Tengok saja, kemiskinan perempuan dalam kesempatan untuk mengakses pendidikan, kesehatan, atau pun perekonomian masih lemah. Keadaan di atas tentu membuat perempuan sangat tergantung pada pihak yang memiliki akses dan kekayaan dan tidak bisa memutus kekerasan yang menimpa pada dirinya.
Untuk menuntaskan problem klasik perempuan itu, maka kata kuncinya tak lain adalah kemandirian ekonomi perempuan. Atau dalam bahasa sederhananya, perempuan pun harus memiliki usaha yang bisa mencukupi kebutuhan hidupnya. Selain kemandirian ekonomi, kemandirian politik, budaya, ilmu pengetahuan dan teknologi, termasuk agama dan sekian kemandirian yang lain bisa menguatkan posisi perempuan di dalam terpaan problem kehidupan.
Khadijah adalah salah satu tauladan yang luar biasa bagi kita. Ia perempuan kaya yang mengelola sendiri perusahaannya. Dengan kemandirian ekonominya, ia menjadi pribadi perempuan yang dapat lebih bebas mendukung syiar nabi Muhammad SAW. Di zaman sekarang, potret Khadijah sebenarnya dapat ditemui di sekitar kita.
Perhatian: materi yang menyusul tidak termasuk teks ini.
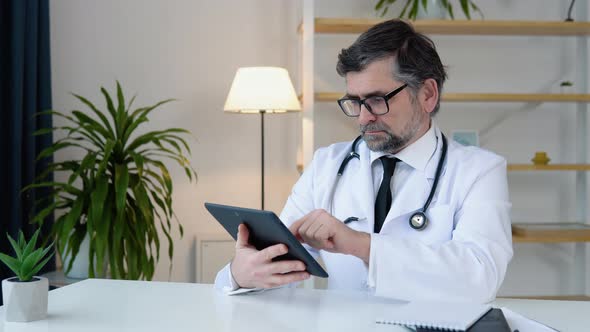 Senior Doctor 50s Works in Tablet alt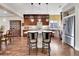Bright kitchen features a spacious island with seating, stainless steel appliances, and dark wood cabinetry at 5474 Espana St, Denver, CO 80249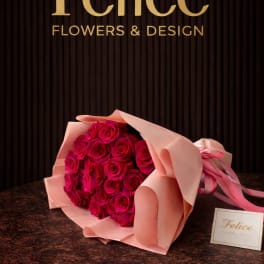 Bouquet of hot pink roses wrapped in pale pink paper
Tetapi jumlahnya sangat kecil. Perempuan-perempuan itu banyak yang masuk di sektor usaha mikro, kecil, dan menengah dan juga sektor informal. Kelompok usaha kecil dan menengah di Indonesia mencakup 99 % dari seluruh usaha di Indonesia. Dan dari 99 % di atas, 35 % UKM skala kecil dan menengah di gerakan oleh perempuan (dari berbagai sumber). Ya, merekalah Khadijah zaman kini.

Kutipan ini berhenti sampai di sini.